■ WORK TASK ■
Would you set down the data that follows, word for word, without any pictures?

■ DATA BELOW ■
★ ★ ★ ★

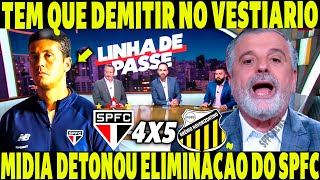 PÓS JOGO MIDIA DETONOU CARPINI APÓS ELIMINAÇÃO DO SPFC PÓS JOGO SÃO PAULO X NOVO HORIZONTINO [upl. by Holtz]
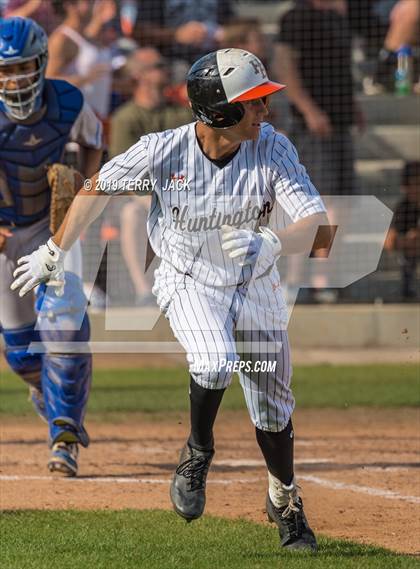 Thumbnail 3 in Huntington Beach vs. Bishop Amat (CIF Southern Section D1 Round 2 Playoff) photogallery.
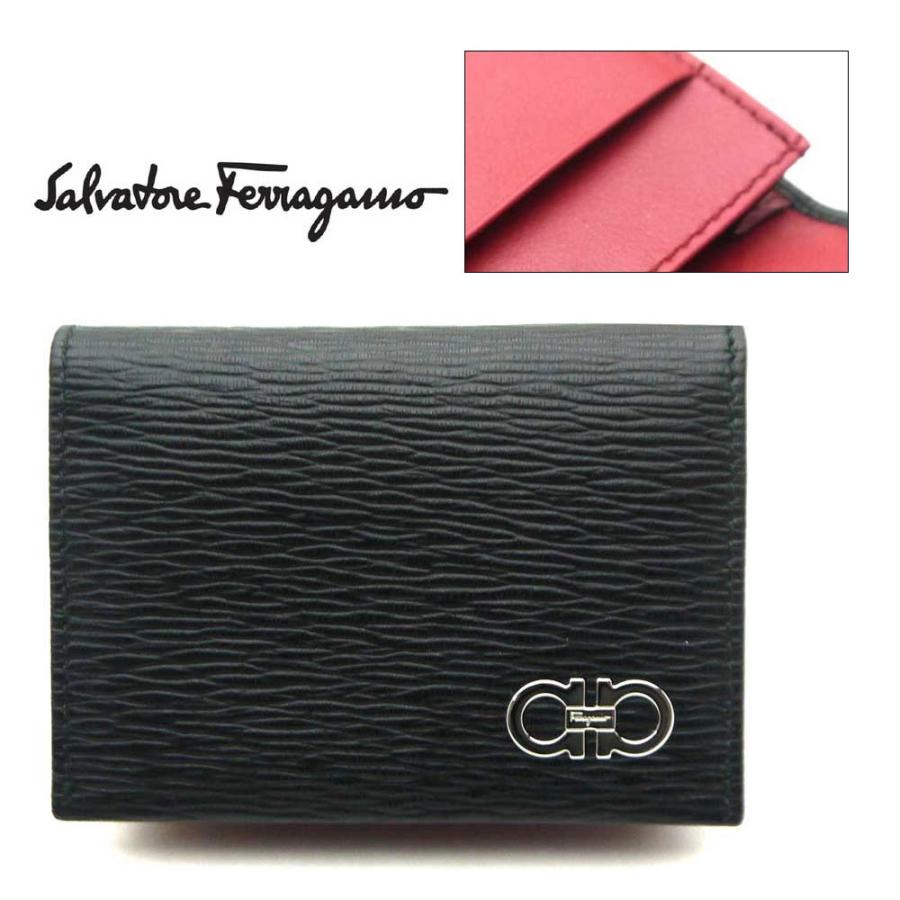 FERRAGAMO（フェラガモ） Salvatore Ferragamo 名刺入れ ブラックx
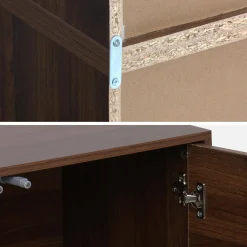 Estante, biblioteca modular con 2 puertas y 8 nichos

★ ★ ★ ★

■ TASK OUTPUT ■
 PÓS JOGO MIDIA DETONOU CARPINI APÓS ELIMINAÇÃO DO SPFC PÓS JOGO SÃO PAULO X NOVO HORIZONTINO [upl. by Holtz]
 Thumbnail 3 in Huntington Beach vs. Bishop Amat (CIF Southern Section D1 Round 2 Playoff) photogallery.
 FERRAGAMO（フェラガモ） Salvatore Ferragamo 名刺入れ ブラックx
 Estante, biblioteca modular con 2 puertas y 8 nichos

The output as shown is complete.